**EXERCISE AIM**
Starting with the line that holds "16057 673rd Avenue, Hutchinson, MN 55350", reproduce each line through the last one of the data, exactly as written. Pictures are not copied.

*** RECORDS SUPPLIED Section Begins ***

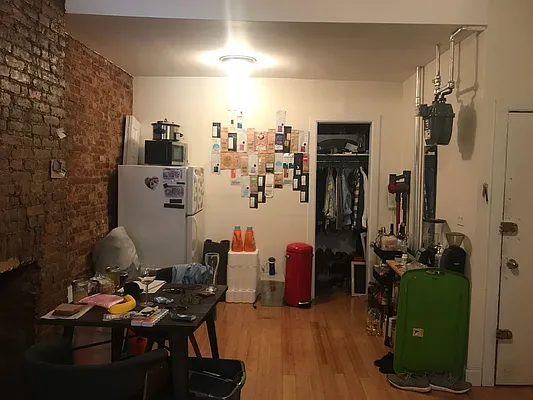 Rented by Premier Metro Realty Corp | media 14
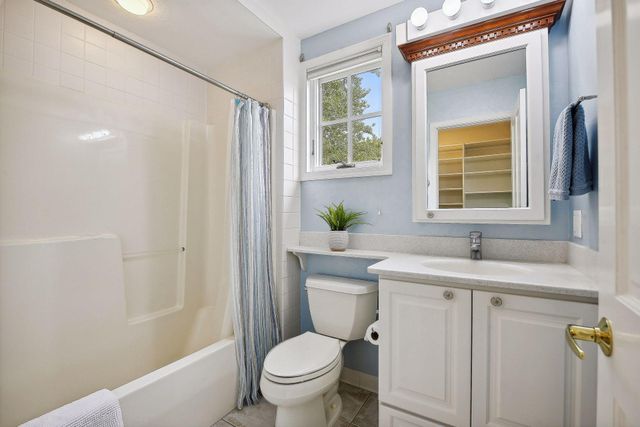 16057 673rd Avenue, Hutchinson, MN 55350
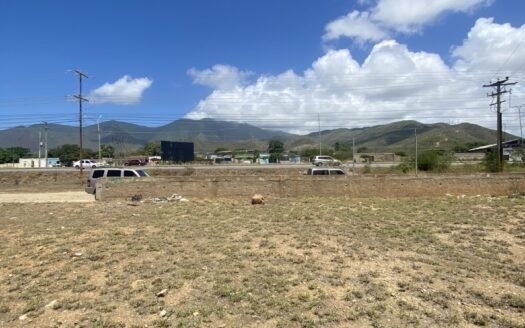 Terreno en la Av. Juan Bautista Arismendi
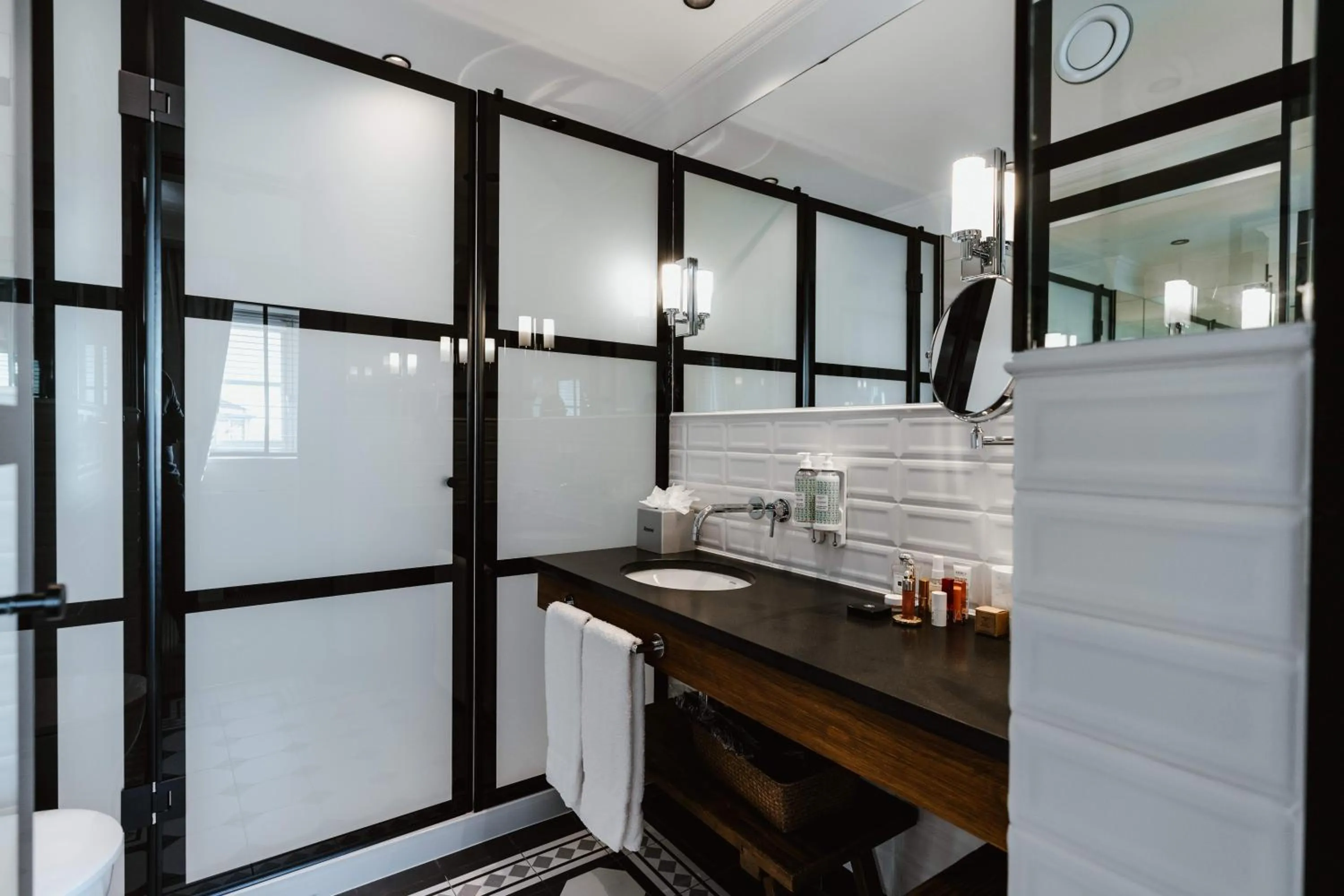 Bathroom in AlmaLusa Alfama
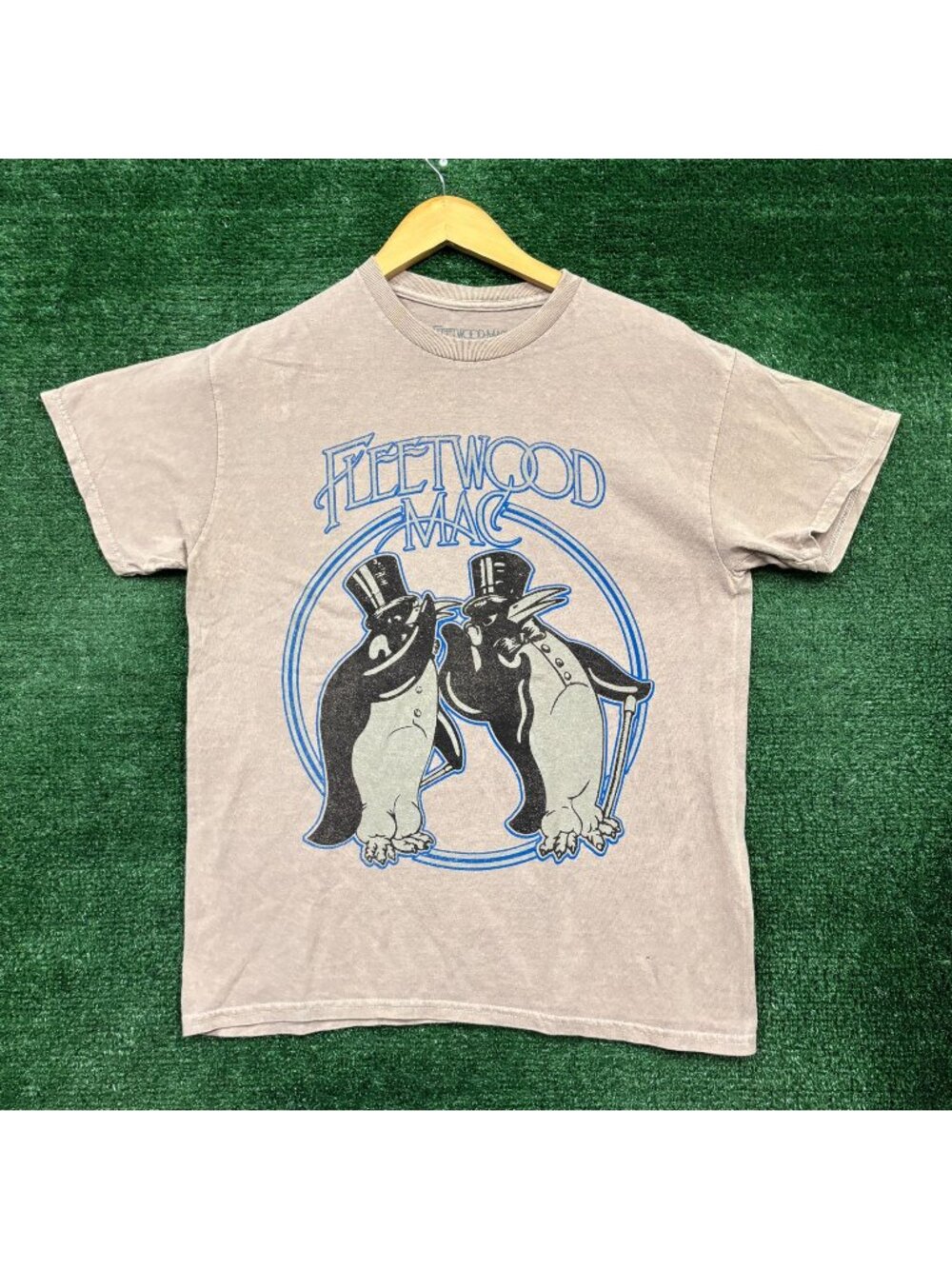 Fleetwood Mac Dapper Penguins Rock Band T-Shirt Size Medium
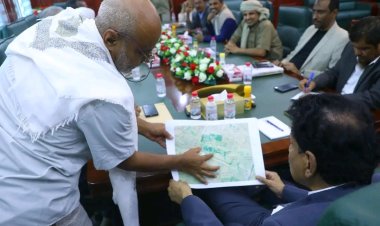 محافظ المهرة يوجّه بتشكيل لجنة فنية لحصر وحماية الحجوزات الحكومية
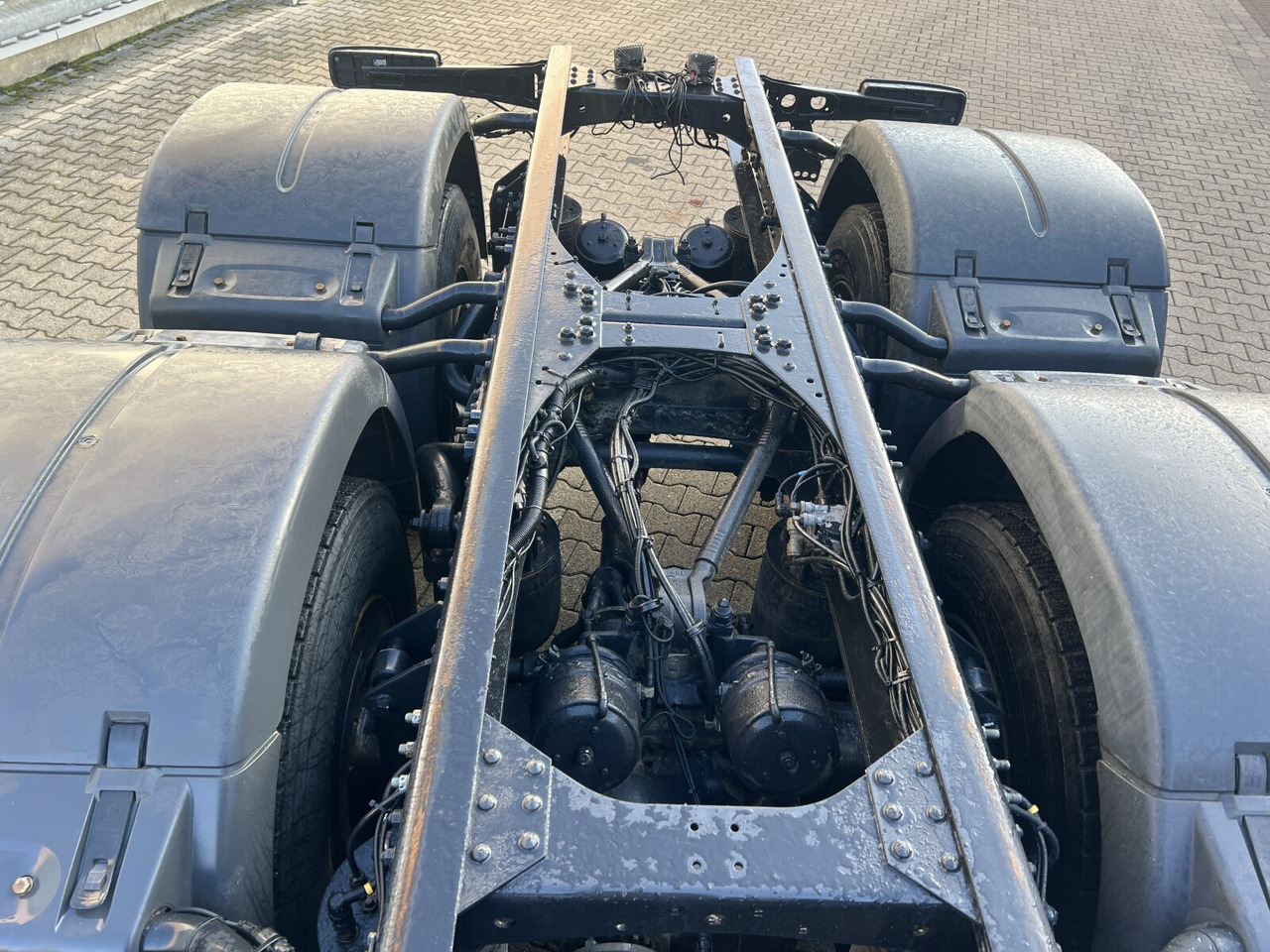 MAN TGS 26.500 6X6 BL TGS 26.500 6X6 BL, Intarder - Koukkulava kuorma-auto: kuva MAN TGS 26.500 6X6 BL TGS 26.500 6X6 BL, Intarder - Koukkulava kuorma-auto MAN TGS 26.500 6X6 BL TGS 26.500 6X6 BL, Intarder - Koukkulava kuorma-auto: kuva MAN TGS 26.500 6X6 BL TGS 26.500 6X6 BL, Intarder - Koukkulava kuorma-auto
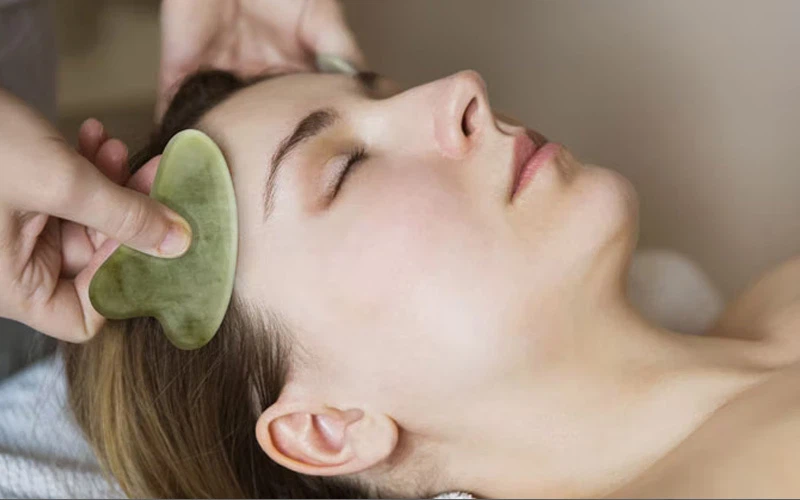 what does gua sha do for your face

*** RECORDS SUPPLIED Section Ends ***

**ANSWER SECTION**
 16057 673rd Avenue, Hutchinson, MN 55350
 Terreno en la Av. Juan Bautista Arismendi
 Bathroom in AlmaLusa Alfama
 Fleetwood Mac Dapper Penguins Rock Band T-Shirt Size Medium
 محافظ المهرة يوجّه بتشكيل لجنة فنية لحصر وحماية الحجوزات الحكومية
 MAN TGS 26.500 6X6 BL TGS 26.500 6X6 BL, Intarder - Koukkulava kuorma-auto: kuva MAN TGS 26.500 6X6 BL TGS 26.500 6X6 BL, Intarder - Koukkulava kuorma-auto MAN TGS 26.500 6X6 BL TGS 26.500 6X6 BL, Intarder - Koukkulava kuorma-auto: kuva MAN TGS 26.500 6X6 BL TGS 26.500 6X6 BL, Intarder - Koukkulava kuorma-auto
 what does gua sha do for your face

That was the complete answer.